If an individual who receives Supplemental Security Income (SSI) goes to prison or jail or other institutions such as correctional institutions, detention centers, halfway hours, or boot camps; the individual will be ineligible to receive Supplemental Security Income (SSI) benefits for any full calendar month he/she is incarcerated. Supplemental Security Income (SSI) benefits are either suspended or terminated. If the recipient’s benefits are suspended (being in prison/jail for more than thirty (30) continuous days) he/she is able to have his/her benefits reinstated starting with the month following the month of his/her release given that the recipient provides required documentation the Social Security Administration (SSA). If the recipient of Supplemental Security Income (SSI) is incarcerated for twelve (12) consecutive months or more, his/her eligibility for Supplemental Security benefits will be terminated and a new application must be filed after his/her release.
In addition, individuals who received benefits prior to being incarcerated are not automatically eligible after being released. The individual incarcerated will not receive benefits while incarcerated, but the individual’s spouse or children will continue to receive the benefits as long as they (spouse and/or children) remain eligible.

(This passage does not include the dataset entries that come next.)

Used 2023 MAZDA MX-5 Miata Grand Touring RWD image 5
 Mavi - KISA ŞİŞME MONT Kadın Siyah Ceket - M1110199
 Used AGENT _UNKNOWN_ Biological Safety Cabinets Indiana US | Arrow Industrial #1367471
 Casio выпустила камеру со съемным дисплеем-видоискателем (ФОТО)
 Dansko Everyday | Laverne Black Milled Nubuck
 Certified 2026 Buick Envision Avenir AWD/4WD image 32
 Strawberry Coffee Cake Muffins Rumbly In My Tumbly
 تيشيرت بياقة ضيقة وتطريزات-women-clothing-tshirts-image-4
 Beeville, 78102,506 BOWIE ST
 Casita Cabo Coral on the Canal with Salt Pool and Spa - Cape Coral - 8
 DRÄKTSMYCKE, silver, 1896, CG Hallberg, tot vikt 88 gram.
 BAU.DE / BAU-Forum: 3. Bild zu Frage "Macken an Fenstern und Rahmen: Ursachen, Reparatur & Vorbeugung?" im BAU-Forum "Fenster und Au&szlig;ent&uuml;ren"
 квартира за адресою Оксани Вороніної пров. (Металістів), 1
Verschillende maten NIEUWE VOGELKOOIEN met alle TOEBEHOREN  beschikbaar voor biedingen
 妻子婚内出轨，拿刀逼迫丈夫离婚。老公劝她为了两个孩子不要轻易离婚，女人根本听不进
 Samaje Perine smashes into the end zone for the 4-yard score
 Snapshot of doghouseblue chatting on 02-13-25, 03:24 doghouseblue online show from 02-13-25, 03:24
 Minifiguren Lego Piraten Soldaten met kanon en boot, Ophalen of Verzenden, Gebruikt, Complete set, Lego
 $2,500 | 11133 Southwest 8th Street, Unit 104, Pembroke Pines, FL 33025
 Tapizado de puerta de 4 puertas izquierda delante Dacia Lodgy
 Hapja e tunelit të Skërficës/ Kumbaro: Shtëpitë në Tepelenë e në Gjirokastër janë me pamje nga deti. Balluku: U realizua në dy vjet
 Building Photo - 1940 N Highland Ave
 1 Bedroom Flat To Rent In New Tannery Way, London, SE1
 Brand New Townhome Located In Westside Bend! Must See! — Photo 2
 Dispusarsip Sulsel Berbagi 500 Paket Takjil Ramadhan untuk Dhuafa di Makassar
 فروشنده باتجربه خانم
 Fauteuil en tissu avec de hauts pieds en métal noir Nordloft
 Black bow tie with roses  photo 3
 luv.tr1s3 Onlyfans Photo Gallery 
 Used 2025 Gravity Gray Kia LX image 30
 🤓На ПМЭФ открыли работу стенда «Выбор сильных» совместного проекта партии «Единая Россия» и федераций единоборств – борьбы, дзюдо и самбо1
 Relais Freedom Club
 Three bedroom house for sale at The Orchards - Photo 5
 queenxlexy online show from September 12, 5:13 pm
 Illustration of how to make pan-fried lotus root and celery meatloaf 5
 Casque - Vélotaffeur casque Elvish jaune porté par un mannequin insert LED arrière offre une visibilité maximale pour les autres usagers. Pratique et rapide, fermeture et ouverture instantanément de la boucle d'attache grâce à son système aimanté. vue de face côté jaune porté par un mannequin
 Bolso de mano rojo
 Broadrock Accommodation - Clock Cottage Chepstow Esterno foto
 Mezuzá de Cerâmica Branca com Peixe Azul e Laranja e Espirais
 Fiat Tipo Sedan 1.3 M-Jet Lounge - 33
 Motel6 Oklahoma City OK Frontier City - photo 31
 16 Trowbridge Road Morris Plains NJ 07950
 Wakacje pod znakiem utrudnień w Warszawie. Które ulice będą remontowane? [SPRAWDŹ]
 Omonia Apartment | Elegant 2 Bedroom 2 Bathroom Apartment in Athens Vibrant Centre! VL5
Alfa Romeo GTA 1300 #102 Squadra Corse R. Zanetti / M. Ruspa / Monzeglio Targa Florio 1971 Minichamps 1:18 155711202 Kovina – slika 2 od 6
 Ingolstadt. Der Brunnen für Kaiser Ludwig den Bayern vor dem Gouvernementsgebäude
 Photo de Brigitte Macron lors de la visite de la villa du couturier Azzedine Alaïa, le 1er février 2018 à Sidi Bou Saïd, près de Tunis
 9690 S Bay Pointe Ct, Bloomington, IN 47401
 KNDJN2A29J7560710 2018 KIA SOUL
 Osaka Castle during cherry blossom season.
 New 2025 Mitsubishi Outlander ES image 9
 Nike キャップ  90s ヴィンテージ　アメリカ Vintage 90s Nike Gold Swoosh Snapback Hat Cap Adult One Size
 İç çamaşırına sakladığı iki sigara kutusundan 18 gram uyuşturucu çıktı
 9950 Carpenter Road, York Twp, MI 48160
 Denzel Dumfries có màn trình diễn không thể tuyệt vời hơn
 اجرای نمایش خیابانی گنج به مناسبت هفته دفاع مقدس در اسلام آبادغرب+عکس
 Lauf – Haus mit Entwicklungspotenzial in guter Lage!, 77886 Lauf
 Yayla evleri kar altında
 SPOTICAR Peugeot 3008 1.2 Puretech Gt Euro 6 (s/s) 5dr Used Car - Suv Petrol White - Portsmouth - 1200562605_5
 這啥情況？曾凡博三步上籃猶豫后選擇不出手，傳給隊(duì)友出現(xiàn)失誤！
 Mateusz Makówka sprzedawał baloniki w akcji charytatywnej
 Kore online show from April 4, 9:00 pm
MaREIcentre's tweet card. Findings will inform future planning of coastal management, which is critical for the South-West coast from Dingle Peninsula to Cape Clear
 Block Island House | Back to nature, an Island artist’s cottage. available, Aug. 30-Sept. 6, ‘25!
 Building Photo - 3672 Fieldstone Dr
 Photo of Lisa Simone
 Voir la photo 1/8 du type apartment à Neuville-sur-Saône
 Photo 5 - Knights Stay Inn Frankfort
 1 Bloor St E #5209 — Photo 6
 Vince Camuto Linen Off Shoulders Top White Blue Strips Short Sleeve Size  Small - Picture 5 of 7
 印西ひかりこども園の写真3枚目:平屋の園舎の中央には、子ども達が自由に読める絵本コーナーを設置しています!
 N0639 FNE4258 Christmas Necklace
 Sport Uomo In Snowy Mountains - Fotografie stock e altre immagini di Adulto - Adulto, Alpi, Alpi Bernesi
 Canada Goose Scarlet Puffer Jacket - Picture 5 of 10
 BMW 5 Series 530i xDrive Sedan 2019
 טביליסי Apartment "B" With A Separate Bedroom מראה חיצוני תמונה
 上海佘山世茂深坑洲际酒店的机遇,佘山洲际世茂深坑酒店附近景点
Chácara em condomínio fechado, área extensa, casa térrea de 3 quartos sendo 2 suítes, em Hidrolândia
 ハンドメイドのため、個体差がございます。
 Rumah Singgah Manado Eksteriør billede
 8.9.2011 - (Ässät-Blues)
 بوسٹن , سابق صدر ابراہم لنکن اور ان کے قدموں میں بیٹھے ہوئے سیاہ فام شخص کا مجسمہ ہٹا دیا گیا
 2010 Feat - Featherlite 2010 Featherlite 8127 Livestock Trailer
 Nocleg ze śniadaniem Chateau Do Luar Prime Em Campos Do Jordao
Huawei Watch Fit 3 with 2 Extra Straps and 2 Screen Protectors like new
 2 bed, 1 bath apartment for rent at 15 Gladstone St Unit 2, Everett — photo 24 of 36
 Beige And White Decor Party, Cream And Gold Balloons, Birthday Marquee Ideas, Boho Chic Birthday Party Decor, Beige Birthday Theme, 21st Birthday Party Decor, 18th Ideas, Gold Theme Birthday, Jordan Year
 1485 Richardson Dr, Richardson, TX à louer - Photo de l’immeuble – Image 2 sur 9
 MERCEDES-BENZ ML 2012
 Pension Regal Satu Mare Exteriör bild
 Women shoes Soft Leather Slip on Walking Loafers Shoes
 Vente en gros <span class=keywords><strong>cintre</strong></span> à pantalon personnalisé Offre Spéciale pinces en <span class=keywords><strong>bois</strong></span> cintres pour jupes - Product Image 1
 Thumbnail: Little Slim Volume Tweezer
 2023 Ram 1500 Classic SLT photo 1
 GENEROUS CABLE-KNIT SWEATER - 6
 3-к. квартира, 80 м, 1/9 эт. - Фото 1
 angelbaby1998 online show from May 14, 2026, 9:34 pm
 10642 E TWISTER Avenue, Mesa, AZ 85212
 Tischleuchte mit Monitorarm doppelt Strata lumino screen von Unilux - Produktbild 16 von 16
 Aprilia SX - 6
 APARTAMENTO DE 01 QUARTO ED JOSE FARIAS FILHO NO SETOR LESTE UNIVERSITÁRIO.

The Social Security Administration (SSA) cannot pay any retroactive payments for benefits due before the individual was incarcerated. The retroactive payments will be “on hold” until the individual is able to provide the Social Security Administration (SSA) proof that he/she in no longer in prison or jail.
A prerelease procedure allows an individual to apply for Supplemental Security Income (SSI) several months before his/her expected release from prison or jail. This is beneficial to consider so that benefits can begin quickly after the individual’s release.
There could possibly be a prerelease agreement with the institution and the local Social Security Office. Under the agreement, Social Security assists and provides the staff in the institution guidance on how to properly complete a prerelease procedure.